Exactly the lines from the one containing "Sangi Studio Apartment" through the end of the listing below are required, restated word for word and without pictures.

▶ _Records supplied_
►
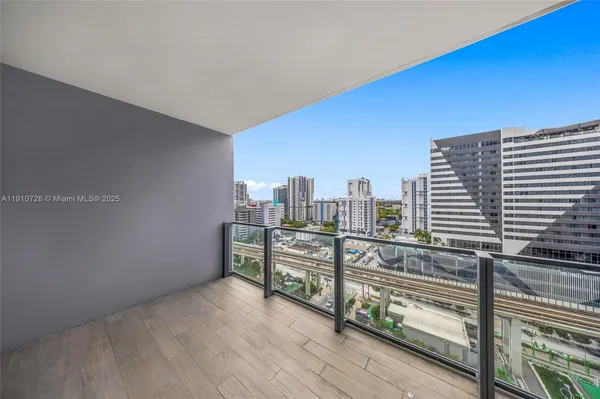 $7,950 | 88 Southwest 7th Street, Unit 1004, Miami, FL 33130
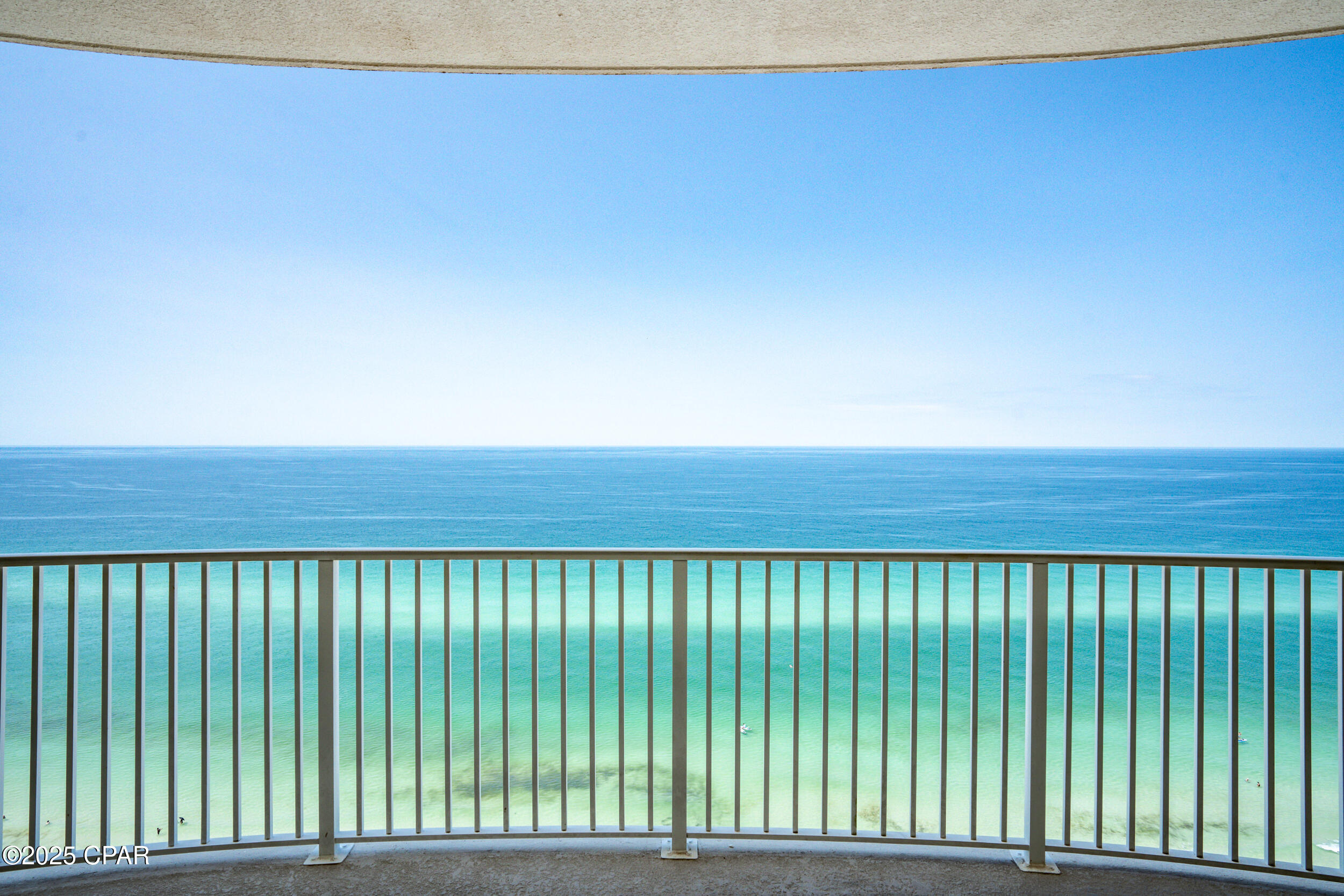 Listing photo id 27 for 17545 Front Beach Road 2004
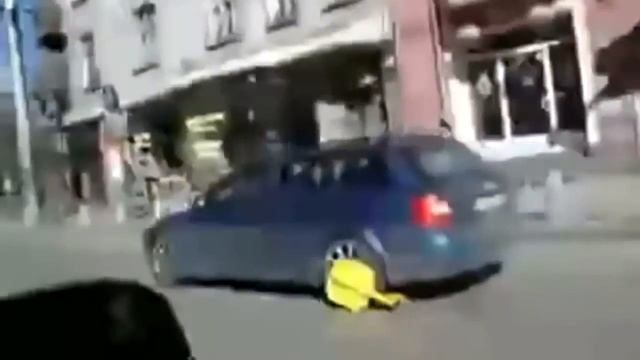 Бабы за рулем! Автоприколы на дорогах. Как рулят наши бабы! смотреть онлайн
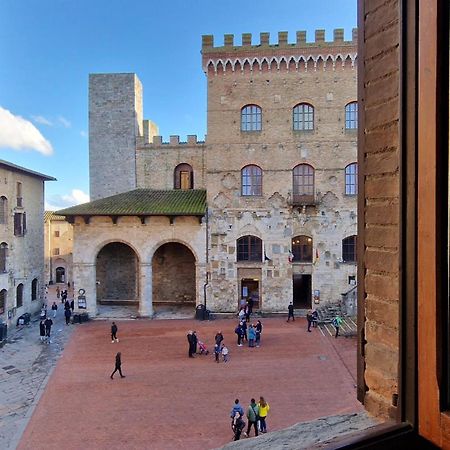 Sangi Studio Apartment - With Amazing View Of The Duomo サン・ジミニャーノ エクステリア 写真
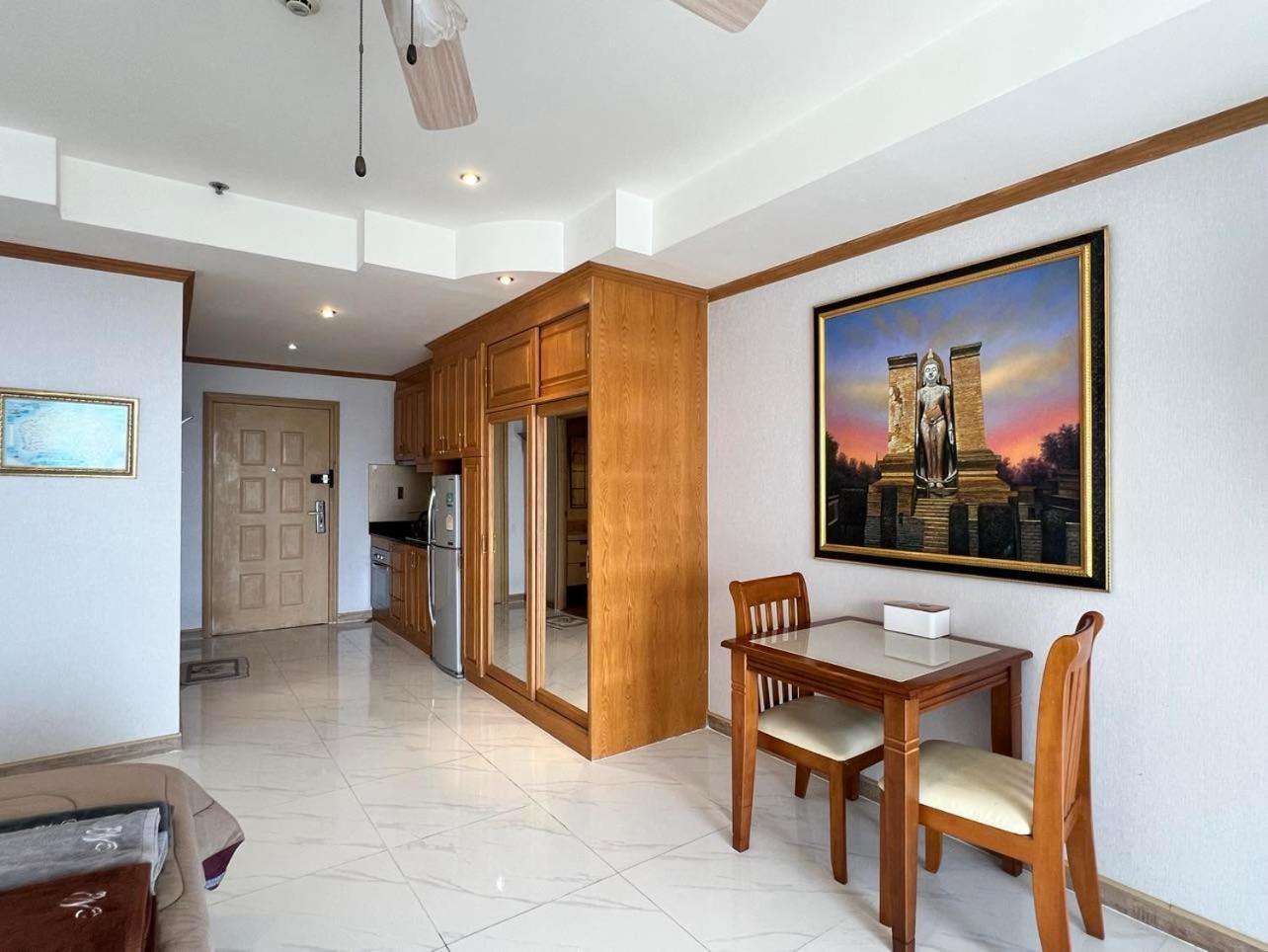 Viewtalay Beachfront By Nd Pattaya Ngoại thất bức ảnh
◄
▶ _Result for this task_
 Sangi Studio Apartment - With Amazing View Of The Duomo サン・ジミニャーノ エクステリア 写真
 Viewtalay Beachfront By Nd Pattaya Ngoại thất bức ảnh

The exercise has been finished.